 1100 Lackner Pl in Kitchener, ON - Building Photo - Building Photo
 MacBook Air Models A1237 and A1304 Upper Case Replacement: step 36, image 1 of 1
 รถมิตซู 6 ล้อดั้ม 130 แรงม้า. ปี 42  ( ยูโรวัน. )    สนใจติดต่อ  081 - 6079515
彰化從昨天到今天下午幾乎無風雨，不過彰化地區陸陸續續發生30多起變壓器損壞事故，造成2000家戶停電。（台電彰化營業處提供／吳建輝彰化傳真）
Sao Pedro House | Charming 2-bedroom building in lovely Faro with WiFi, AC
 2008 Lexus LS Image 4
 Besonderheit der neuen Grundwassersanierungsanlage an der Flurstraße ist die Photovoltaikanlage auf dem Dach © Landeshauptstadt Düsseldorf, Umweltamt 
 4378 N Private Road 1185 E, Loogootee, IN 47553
--
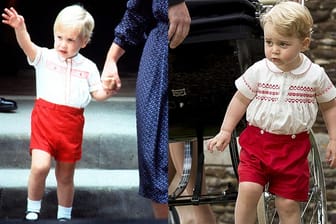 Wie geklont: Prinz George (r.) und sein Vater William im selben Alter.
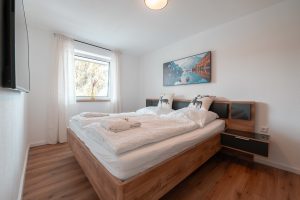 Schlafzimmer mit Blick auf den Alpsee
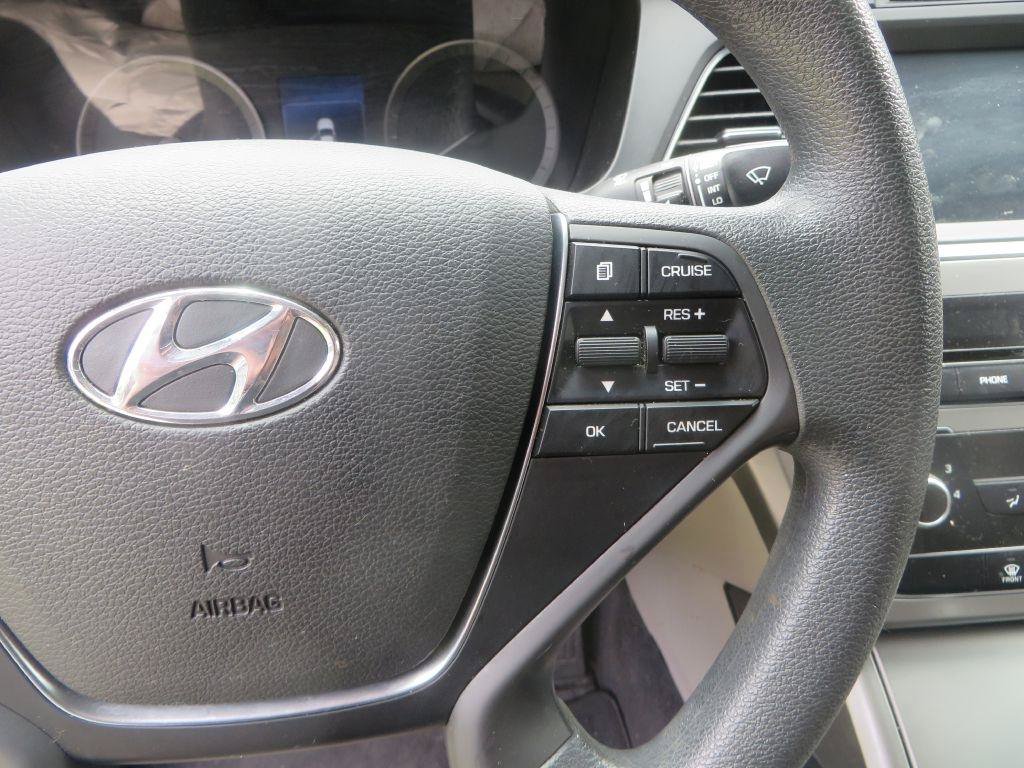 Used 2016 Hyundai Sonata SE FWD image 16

What to work on →
Nothing but the lines above from the one containing "Besonderheit der neuen" through the one containing "4378 N Private" should appear in the answer, each repeated exactly.

Written solution →
 Besonderheit der neuen Grundwassersanierungsanlage an der Flurstraße ist die Photovoltaikanlage auf dem Dach © Landeshauptstadt Düsseldorf, Umweltamt 
 4378 N Private Road 1185 E, Loogootee, IN 47553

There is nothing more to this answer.